By default, ORDER1=INTERNAL.

ORDER2=INTERNAL | FORMATTED | DATA | FREQ

specifies the display order for the values of the second CLASS= variable.

The levels of the second CLASS= variable are always constructed using the formatted values of the variable, and the formatted values are always used to label the columns of a two-way comparative histogram. You can use the ORDER2= option to determine the order of the columns.

The layout of a two-way comparative histogram is determined by using the ORDER1= option to obtain the order of the rows from top to bottom (recall that ORDER1=INTERNAL by default). Then the ORDER2= option is applied to the observations corresponding to the first row to obtain the order of the columns from left to right. If any columns remain unordered (that is, the categories are unbalanced), the ORDER2= option is applied to the observations in the second row, and so on, until all the columns have been ordered.

The values of the ORDER2= option are interpreted as described for the ORDER1= option.

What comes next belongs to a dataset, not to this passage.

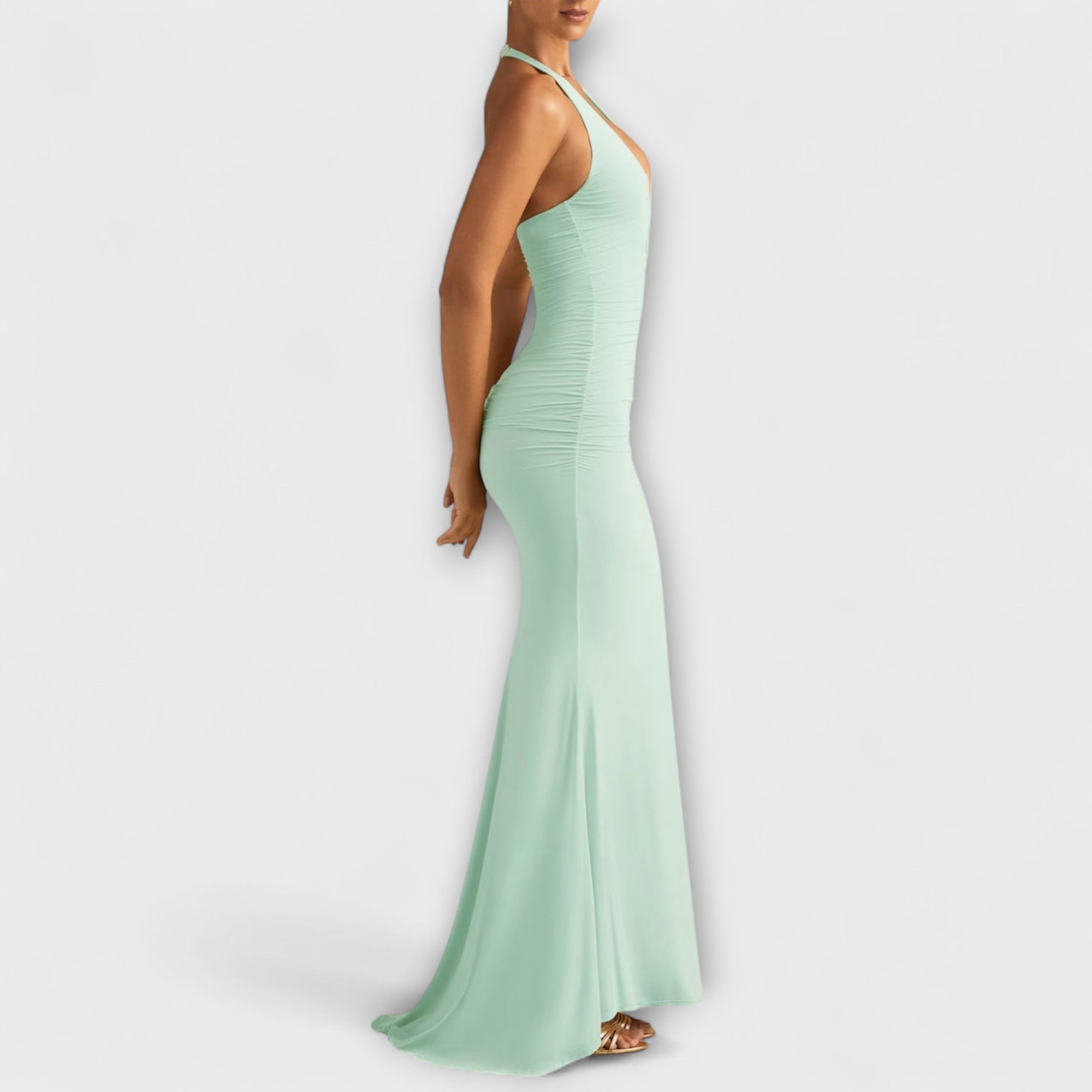 Robe de Gala Halter Sans Dos Raffinée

By default, ORDER2=INTERNAL.

OUTHISTOGRAM=SAS-data-set

creates a SAS data set that saves the midpoints or endpoints of the histogram intervals, the observed percent of observations in each interval, and (optionally) the percent of observations in each interval estimated from a fitted normal distribution. By default, interval midpoint values are saved in the variable _MIDPT_. If the ENDPOINTS= option is specified, intervals are identified by endpoint values instead. If RTINCLUDE is specified, the _MAXPT_ variable contains upper endpoint values. Otherwise, lower endpoint values are saved in the _MINPT_ variable.

RTINCLUDE

includes the right endpoint of each histogram interval in that interval. The left endpoint is included by default.

SIGMA=value

specifies the parameter $\sigma $ for normal density curves requested with the NORMAL option. Enclose the SIGMA= option in parentheses after the NORMAL option. The default value is the sample standard deviation of the observations in the cell.

UPPER=value

specifies the upper bound for a kernel density estimate curve. Enclose the UPPER= option in parentheses after the KERNEL option. You can specify a single upper bound or a list of upper bounds. By default, a kernel density estimate curve has no upper bound.

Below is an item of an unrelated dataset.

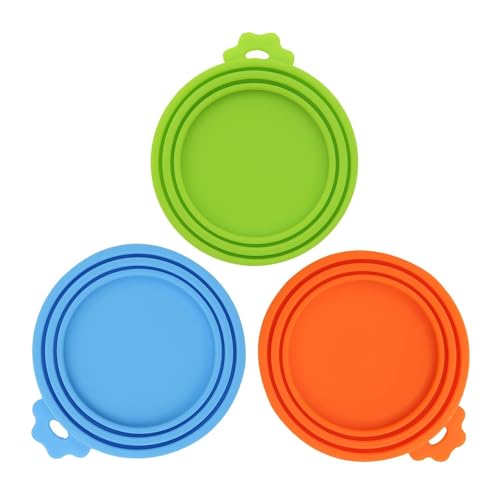 SHENGQIDZ 3 Pack Pet Food Can Covers Universal Can Lids Safe/Silicone Dog&Cat Food Can Lid Covers (green+blue+orange)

VSCALE=PERCENT | COUNT | PROPORTION

specifies the scale of the vertical axis. The value COUNT scales the data in units of the number of observations per data unit. The value PERCENT scales the data in units of percent of observations per data unit. The value PROPORTION scales the data in units of proportion of observations per data unit. The default is PERCENT.

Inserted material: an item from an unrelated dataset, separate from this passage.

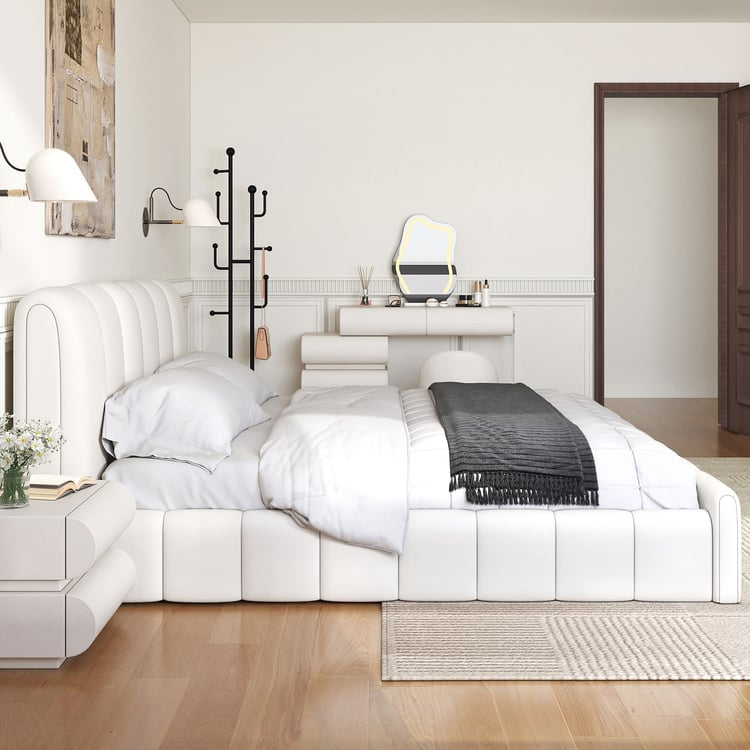 Humply Modern Leather Wingback King Bed Frame with Upholstered Headboard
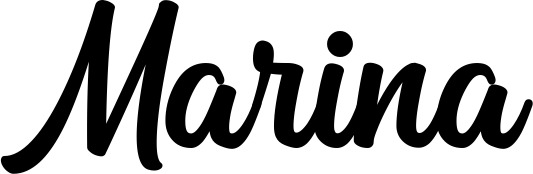 Vorschau des Bootsnamens "Marina" als Schriftzug für "Bootsbeschriftung Klassisch 43"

Options for Traditional Graphics

You can specify the following options if you are producing traditional graphics:

BARWIDTH=value

specifies the width of the histogram bars in screen percent units.

CBARLINE=color

specifies the color of the outline of the histogram bars. This option overrides the C= option in the SYMBOL1 statement.

CFILL=color

specifies a color used to fill the bars of the histograms (or the areas under a fitted curve if you also specify the FILL option). See the entry for the FILL option for additional details. See Output 5.6.1 and Example 5.7 for examples. Refer to SAS/GRAPH: Reference for a list of colors. By default, bars and curve areas are not filled.

CFRAMENLEG=color | EMPTY
CFRAMENLEG

specifies that the legend requested with the NLEGEND option (or the variable _TILELB_ in a CLASSSPEC= data set) is to be framed and that the frame is to be filled with the color indicated. If you specify CFRAMENLEG=EMPTY, a frame is drawn but not filled with a color.

CGRID=color

specifies the color for grid lines requested with the GRID option. By default, grid lines are the same color as the axes. If you use CGRID=, you do not need to specify the GRID option.

CLIPSPEC=CLIP | NOFILL

specifies that histogram bars are clipped at the upper and lower specification limit lines when there are no observations outside the specification limits. The bar intersecting the lower specification limit is clipped if there are no observations less than the lower limit; the bar intersecting the upper specification limit is clipped if there are no observations greater than the upper limit. If you specify CLIPSPEC=CLIP, the histogram bar is truncated at the specification limit. If you specify CLIPSPEC=NOFILL, the portion of a filled histogram bar outside the specification limit is left unfilled. Specifying CLIPSPEC=NOFILL when histogram bars are not filled has no effect.

FRONTREF

draws reference lines requested with the HREF= and VREF= options in front of the histogram bars. By default, reference lines are drawn behind the histogram bars and can be obscured by them.

HOFFSET=value

specifies the offset in percent screen units at both ends of the horizontal axis. Specify HOFFSET=0 to eliminate the default offset.

LGRID=n

specifies the line type for the grid requested with the GRID option. If you use the LGRID= option, you do not need to specify the GRID option. The default is 1, which produces a solid line.

NLEGEND<=’label’>

specifies the form of a legend that is displayed inside each tile and indicates the sample size of the cell. The following two forms are available:

  • If you specify the NLEGEND option, the form is $N=n$ where n is the cell sample size.

  • If you specify the NLEGEND=’label’ option, the form is label = n where n is the cell sample size. The label can be up to 16 characters and must be enclosed in quotes. For instance, you might specify NLEGEND=’Number of Parts’ to request a label of the form Number of Parts = n.

See Figure 5.6 for an example. You can use the CFRAMENLEG= option to frame the sample size legend. The variable _TILELB_ in a CLASSSPEC= data set overrides the NLEGEND option. By default, no legend is displayed.

NLEGENDPOS=NW | NE

specifies the position of the legend requested with the NLEGEND option or the variable _TILELB_ in a CLASSSPEC= data set. If NLEGENDPOS=NW, the legend is displayed in the northwest corner of the tile; if NLEGENDPOS=NE, the legend is displayed in the northeast corner of the tile. See Figure 5.6 for an illustration. The default is NE.

PFILL=pattern

specifies a pattern used to fill the bars of the histograms (or the areas under a fitted curve if you also specify the FILL option). See the entries for the CFILL= and FILL options for additional details. Refer to SAS/GRAPH: Reference for a list of pattern values. By default, the bars and curve areas are not filled.

TILELEGLABEL=’label’

specifies a label displayed to the left of the legend that is created when you provide _CTILE_ and _TILELG_ variables in a CLASSSPEC= data set. The label can be up to 16 characters and must be enclosed in quotes. The default label is Tiles:.

VOFFSET=value

specifies the offset in percent screen units at the upper end of the vertical axis.

WBARLINE=n

specifies the width of bar outlines. By default, n = 1.

WGRID=n

specifies the width of the grid lines requested with the GRID option. By default, grid lines are the same width as the axes. If you use the WGRID= option, you do not need to specify the GRID option.